TASK INSTRUCTIONS: Omit the pictures and extract only the lines from the line containing "3 bedrooms Apartment" to the end of the material, each exactly as written.

DATA SUPPLIED:
--- START ---

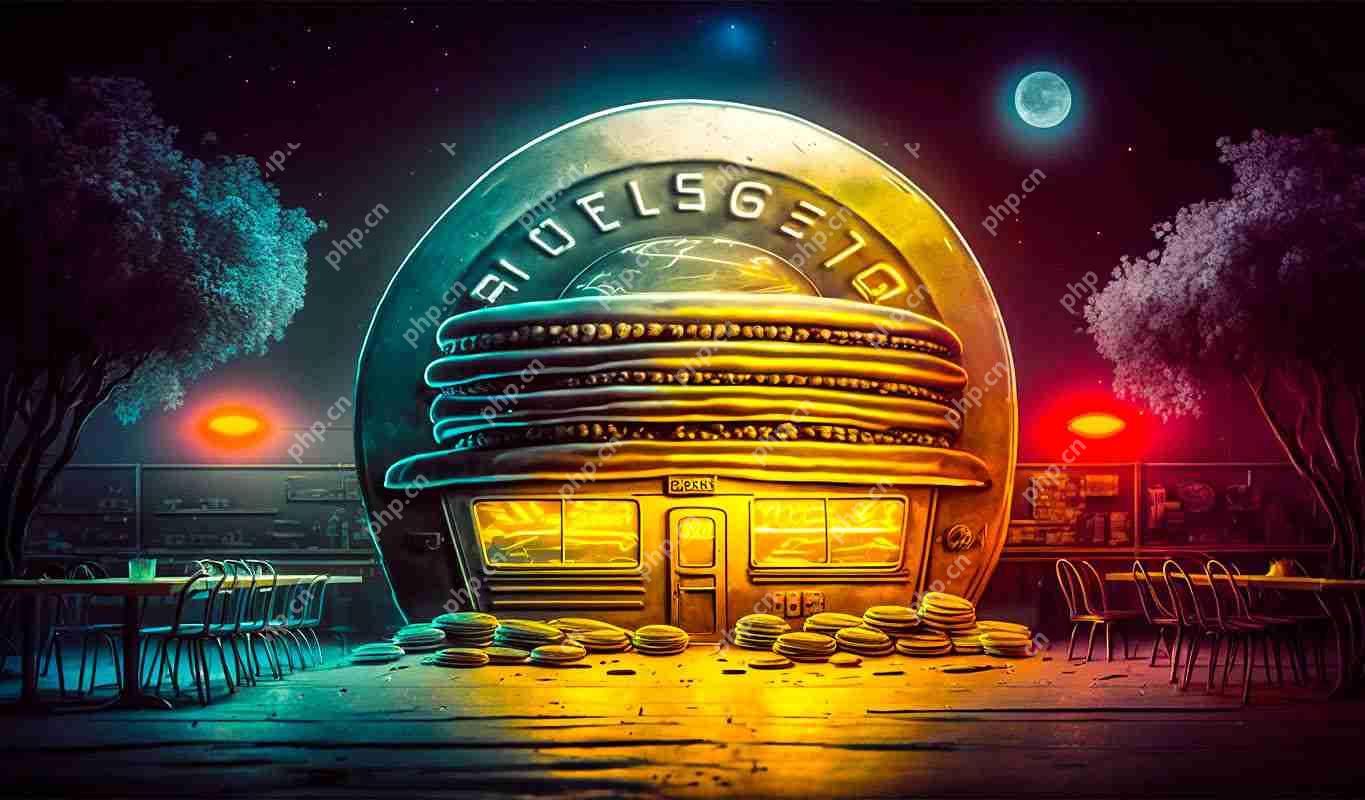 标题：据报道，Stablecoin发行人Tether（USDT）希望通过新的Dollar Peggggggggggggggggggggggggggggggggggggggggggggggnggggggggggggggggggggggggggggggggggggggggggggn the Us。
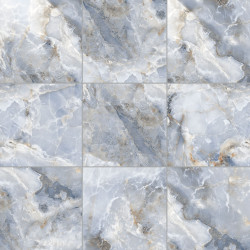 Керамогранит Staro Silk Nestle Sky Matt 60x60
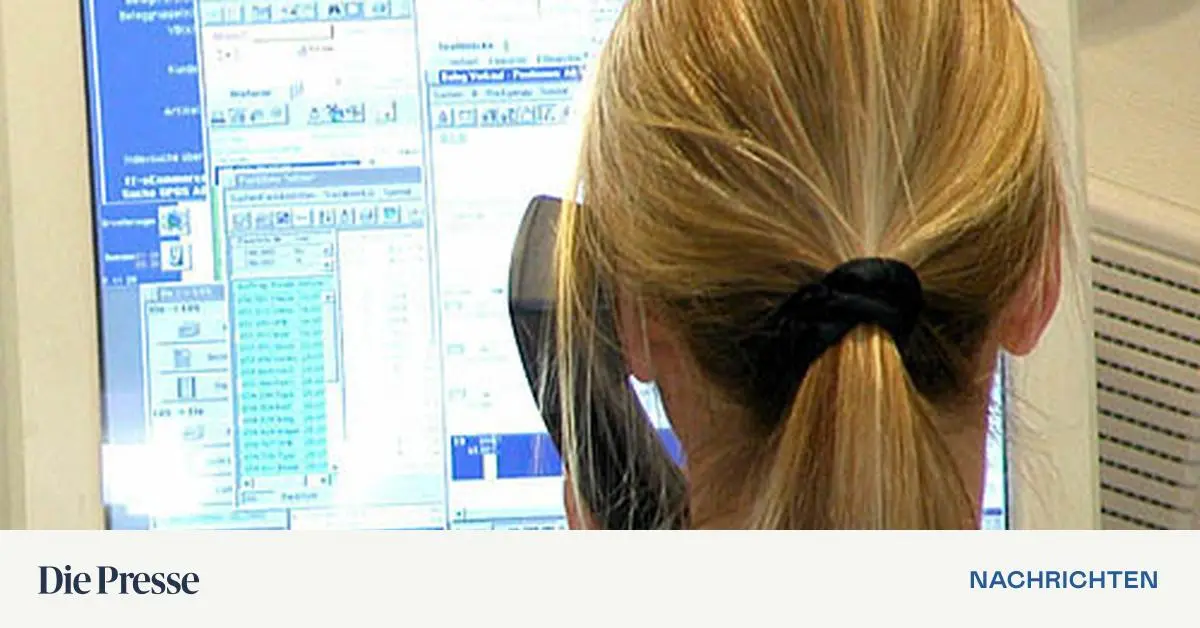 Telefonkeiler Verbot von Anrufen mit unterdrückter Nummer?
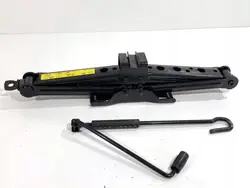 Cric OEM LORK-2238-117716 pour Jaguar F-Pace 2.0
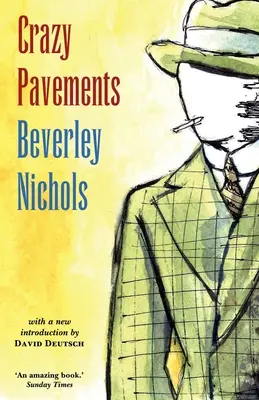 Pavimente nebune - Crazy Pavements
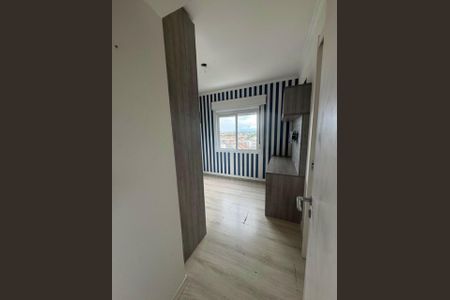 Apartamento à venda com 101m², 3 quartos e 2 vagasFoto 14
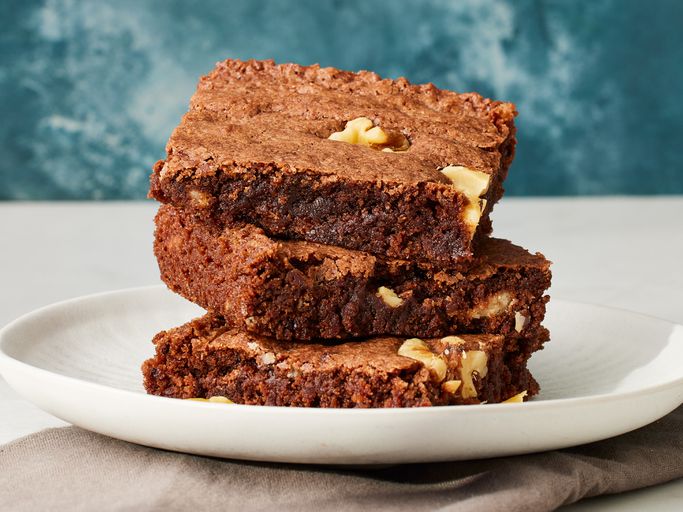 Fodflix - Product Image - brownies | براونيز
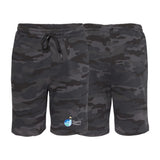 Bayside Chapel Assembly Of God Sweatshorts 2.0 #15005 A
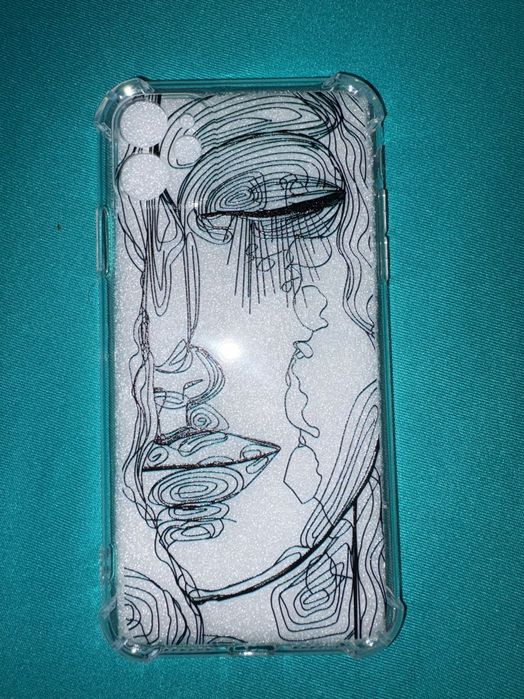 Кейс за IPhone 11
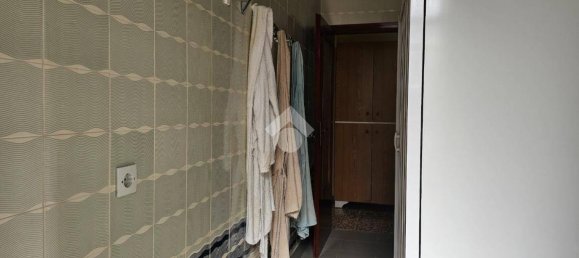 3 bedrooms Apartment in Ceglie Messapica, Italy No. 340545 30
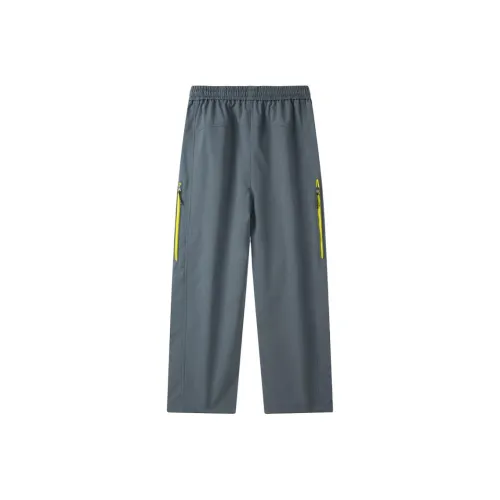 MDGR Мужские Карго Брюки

--- END ---

RESPONSE BELOW:
 3 bedrooms Apartment in Ceglie Messapica, Italy No. 340545 30
 MDGR Мужские Карго Брюки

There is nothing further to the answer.